4. Locale Setup

4.1. Files and the kernel

You can now use any Unicode characters in file names. No kernel or file utilities need modifications. This is because file names in the kernel can be anything not containing a null byte, and '/' is used to delimit subdirectories. When encoded using UTF-8, non-ASCII characters will never be encoded using null bytes or slashes. All that happens is that file and directory names occupy more bytes than they contain characters. For example, a filename consisting of five greek characters will appear to the kernel as a 10-byte filename. The kernel does not know (and does not need to know) that these bytes are displayed as greek.

This is the general theory, so long as your files reside on Linux. On filesystems which are used from other operating systems, you have mount options to control conversion of filenames to or from UTF-8:

  • The "vfat" filesystems has a mount option "utf8". See file /usr/src/linux/Documentation/filesystems/vfat.txt. When you give an "iocharset" mount option different from the default (which is "iso8859-1"), the results with and without "utf8" are not consistent. Therefore, it is not I recommend to use the "iocharset" mount option.

  • The "msdos", "umsdos" filesystems have the same mount option, but appear to have no effect.

  • The "iso9660" filesystem has a mount option "utf8". See file /usr/src/linux/Documentation/filesystems/isofs.txt.

  • Since Linux 2.2.x kernels, the "ntfs" filesystem has a mount option "utf8". See file /usr/src/linux/Documentation/filesystems/ntfs.txt.

The other filesystems (nfs, smbfs, ncpfs, hpfs, etc.) don't convert filenames; therefore they support Unicode file names in UTF-8 encoding only if the other operating system supports them. Please note that to enable a mount option for all future remounts, you add it to the fourth column of the corresponding /etc/fstab line.

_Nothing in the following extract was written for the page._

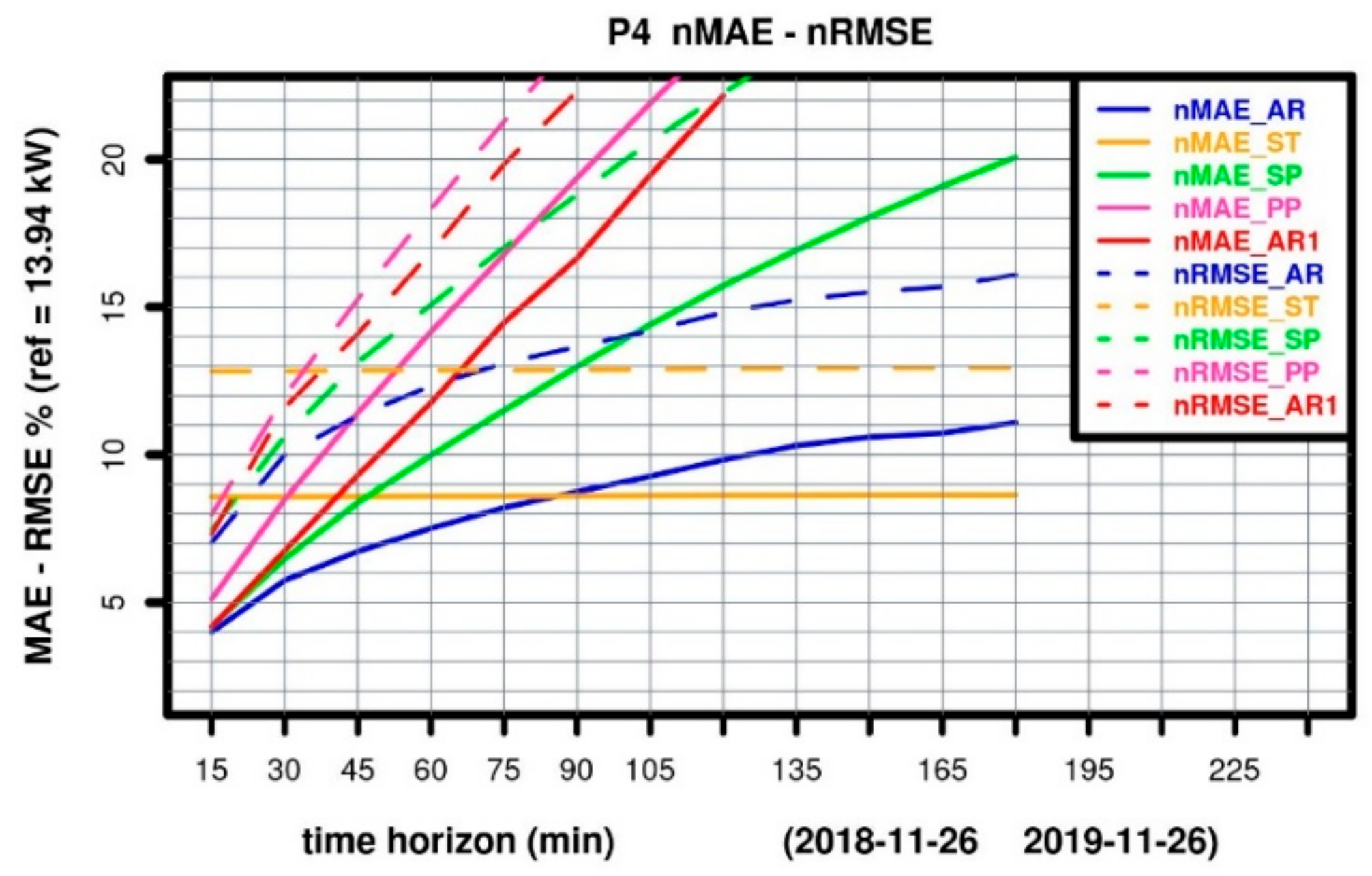 Energies 14 00789 g009 Energies 14 00789 g009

4.2. Locale environment variables

You should have the following environment variables set, containing locale names:

LANGUAGE

override for LC_MESSAGES

LC_ALL

override for all other LC_* variables

LC_CTYPE, LC_MESSAGES, LC_COLLATE, LC_NUMERIC, LC_MONETARY, LC_TIME

individual variables for: character types and encoding, natural language messages, sorting rules, number formatting, money amount formatting, date and time display.

LANG

default value for all LC_* variables. (See `man 7 locale' for a detailed description.)

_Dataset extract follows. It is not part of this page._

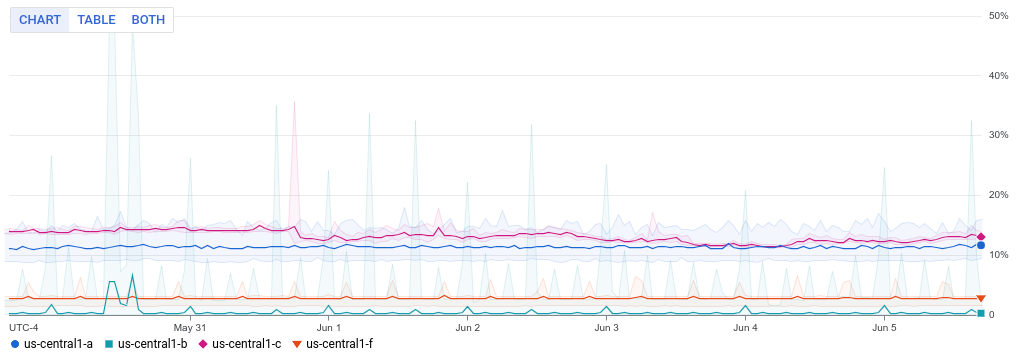 A line chart with an alignment period less than half the graph period shows lines and min-max bands.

In order to tell your system and all applications that you are using UTF-8, you need to add a codeset suffix of UTF-8 to your locale names. For example, if you want to run an application in UTF-8 Hindi locale then with bash shell, you can specify which environment variable to be passed to the application.

  $ LANG=hi_IN.UTF-8 xman

In order to set locale the Hindi locale globally for a particular user, you can append the following line in ~/.bashrc file.

  export LANG=hi_IN.UTF-8

After that you need not to set the LANG environment variable each time you run a specific application.